Thursday, 8 October 2015

Walking To Krasnoyarsk (2)

The story isn’t about walking to Krasnoyarsk, a town I picked simply on the sound of its name and its remote location. If I had chosen Aberdeen or Cape Town, there may be people who would regard the thought of walking there as quite pleasant, and the point of the story would have been lost.

There are things that happen in our lives that have long-running consequences and change the way we deal with the world. Bereavement, sustained unemployment, debilitating illness, malicious accusations, nasty divorces, personal bankruptcy, addiction, prison sentences, long-running legal cases – to name just a few. These threaten, or actually ruin, our finances, career, reputation, skills, assets, wealth, health, and even our bodily integrity.

Sometimes, surviving one of these events changes us. We have to focus on one goal to the exclusion of almost everything else. Ordinary life, whatever we thought that was, fades into the background. At some point we stop feeling anything about our situation. We can’t afford it. We won’t get get through this if we carry on feeling self-pity, or loneliness, or abandonment, or sorrow, or fear, or uncertainty. And to feel anything else would be insanity. So we feel nothing about ourselves. We have feelings within and from ourselves: we are hungry, tired, weary, footsore, cold, wet or thirsty. But these are feelings as information, not feelings as emotions. And we silence the thoughts and feelings about other people and what they do. We ran out of the energy for that in the first week. They can help us or not. If they do, we thank them and don’t ask why. If not, we shrug and don’t think about it.
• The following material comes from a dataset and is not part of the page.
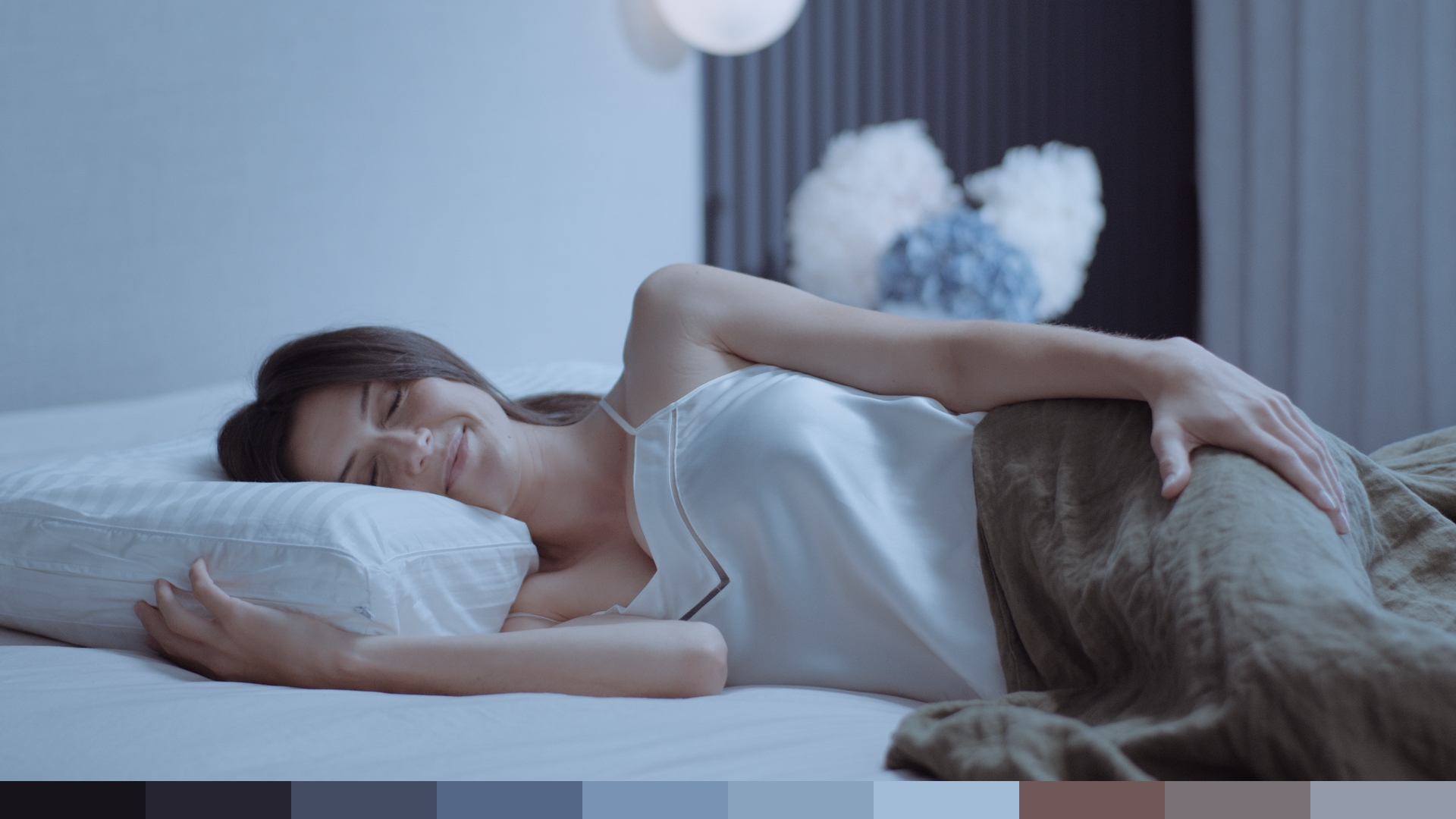 A Great Night Sleep after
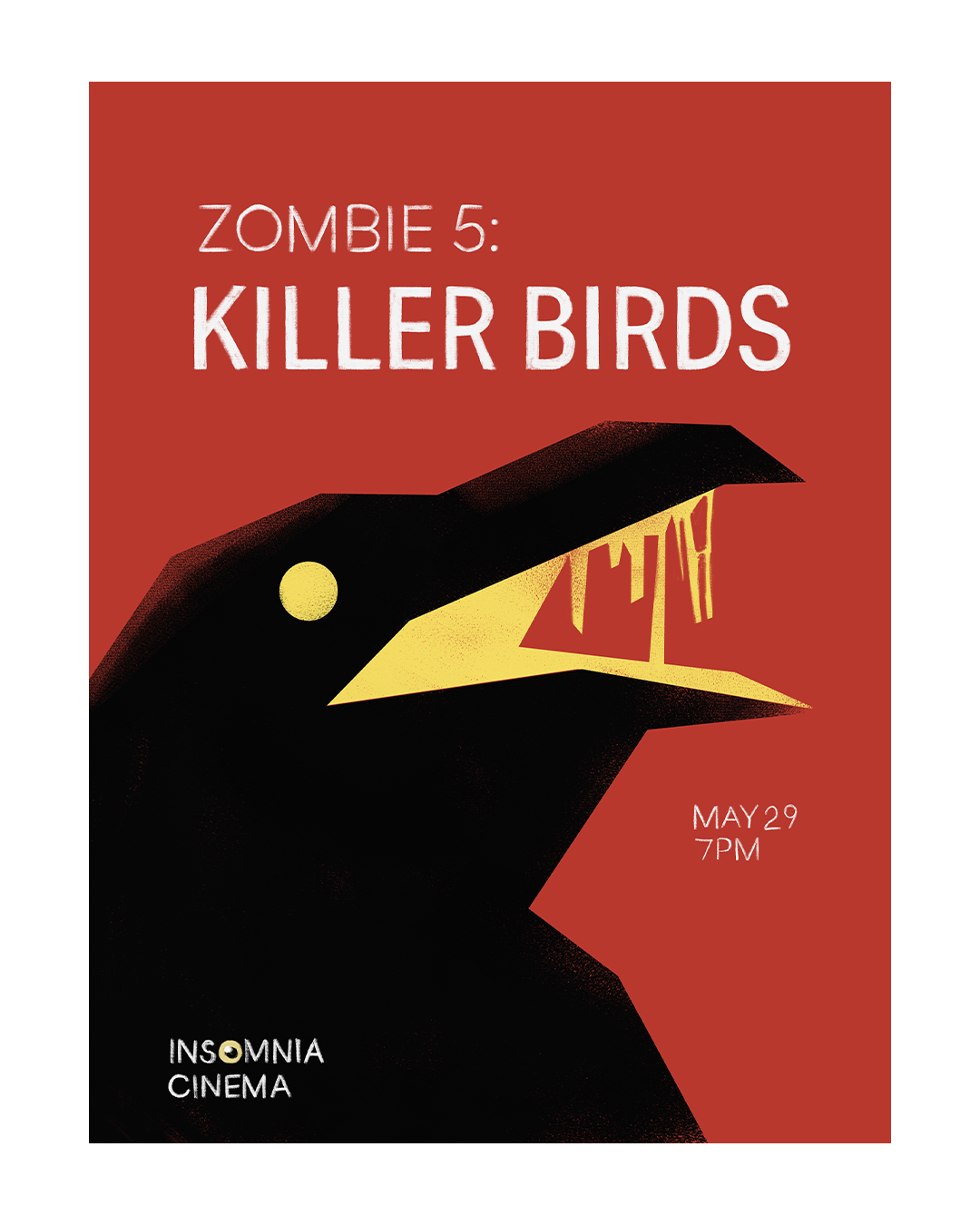 🎬Zombie 5: Killing Birds (1988)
Thinking about how we might be living, and how everyone else we know is living, if this thing hadn’t happened, becomes almost painful. We want it to stop hurting when we remember what we used to do, and the only way to do that is to stop remembering that it was enjoyable. We cut the link between what we did and the pleasure it brought, and so save ourselves the pain of missing that pleasure, and the fear of never feeling it again. What we don’t know is that the link can’t be re-made: the psychic surgery is permanent.

When we get back, we try to re-establish our old lives. After all, isn’t that what we were going back for? It is then we find that the psychological changes we made can’t be undone. We can go to the leaving drinks, or a dinner party, or a weekend away with the crew, or a match, but it isn’t the same. We can’t connect the event and the people with the pleasure anymore. On the surface we are as cheerful as we ever were, perhaps oddly, more so, and that is real, as are our polite manners, engagement with the economy and interest in culture and sports. These things can be done with the head. Ask us how we are, what we’ve been doing at the weekend or on holiday, and you’ll get the sense that we don’t really seem remember what we do. Our day passes and is forgotten. What we did was just a way of passing the time that was better than watching some dumb TV show, but it wasn’t our life. We can go through the motions but we can’t feel the feelings. If belonging is about enjoying being there, we don’t belong anymore. Anywhere.